UK: SSE Issues Interim Management Statement
SSE plc will today hold its Annual General Meeting in Bournemouth. This Interim Management Statement summarises SSE’s performance since the start of the current financial year, which began on 1 April 2012, and includes updates on operations and investments in SSE’s Networks, Retail and Wholesale businesses and on the financial outlook.

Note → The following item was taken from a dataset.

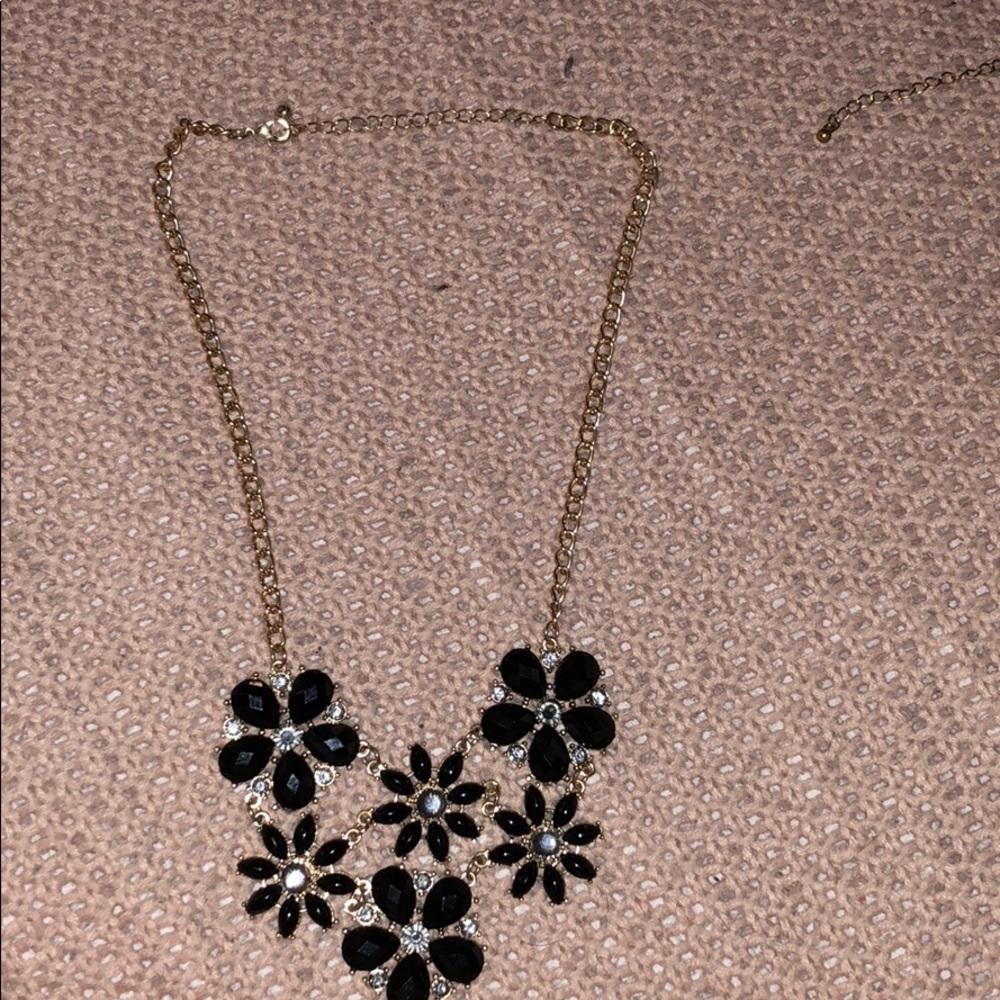 black and silver necklace, gold chain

In the three months to 30 June 2012 (comparisons with the same three months in 2011, unless otherwise stated):
- SSE’s Total Recordable Injury Rate was 0.13 per 100,000 hours worked, compared with 0.11 during 2011/12 as a whole;
- Networks: the number of Customer Minutes Lost in the Scottish Hydro Electric Power Distribution area was 17, compared with 16; in the Southern Electric Power Distribution area it was also 17, compared with 16;
- Networks: the amount of replacement and reinforcement gas mains laid by Scotia Gas Networks was 304km, compared with 263km;
- Retail: SSE’s number of electricity and gas customer accounts in markets in Great Britain and Ireland increased from 9.55 million to 9.66 million, reflecting 130,000 customers gained through the completed acquisition of Phoenix Holdings Ltd on 23 June 2012;
- Retail: average consumption of electricity by SSE’s household customers in Great Britain increased by almost 6%; average consumption of gas by SSE’s household customers increased by 42%, reflecting cooler weather conditions (on a weather-corrected basis, however, there was an underlying reduction of 2.5% in average household gas consumption and no underlying change in average household electricity consumption);
- Wholesale: total electricity output* from gas-fired and coal-fired power stations was 5,690GWh, compared with 9,905GWh, reflecting planned outages at Keadby and Medway power stations;
- Wholesale: total electricity output from renewable sources (conventional hydro electric schemes, onshore wind farms and dedicated biomass plant) was 1,331GWh, compared with 1,325GWh;
Investment In its Annual Report 2012, SSE set out its investment priorities for 2012/13, including commissioning new assets and meeting other development and construction milestones in its programme of investment in renewable energy, electricity networks and gas storage. It is currently forecasting total capital and investment expenditure of just over £1.6bn for 2012/13 as a whole. In the period since 1 April 2012:
- Networks: SSE’s subsidiary Scottish Hydro Electric Transmission Ltd (SHETL) has undertaken capital works totalling £80m, including completing the new £25m 275kV substation at Beauly, and remains on course to achieve a Regulated Asset Value of over £1bn for the first time later this year;
- Wholesale: SSE’s onshore wind farm capacity in operation has increased by 50MW to 1,353MW as a result of progress at the Clyde wind farm development;
- Wholesale: SSE’s commissioned offshore wind farm capacity (net) has increased by 69MW to 256MW as a result of the completion of Walney and ongoing construction progress at Greater Gabbard, where 137 of the 140 turbines have now generated electricity; and
- Wholesale: The seventh of the nine caverns at the new Aldbrough gas storage facility being developed by SSE and Statoil UK Ltd have been brought into commercial operation in June and dewatering of the eighth was also completed in June, keeping the development on track to achieve full operation later this summer. Meanwhile, the facility continues to operate with high availability to meet commercial requirements.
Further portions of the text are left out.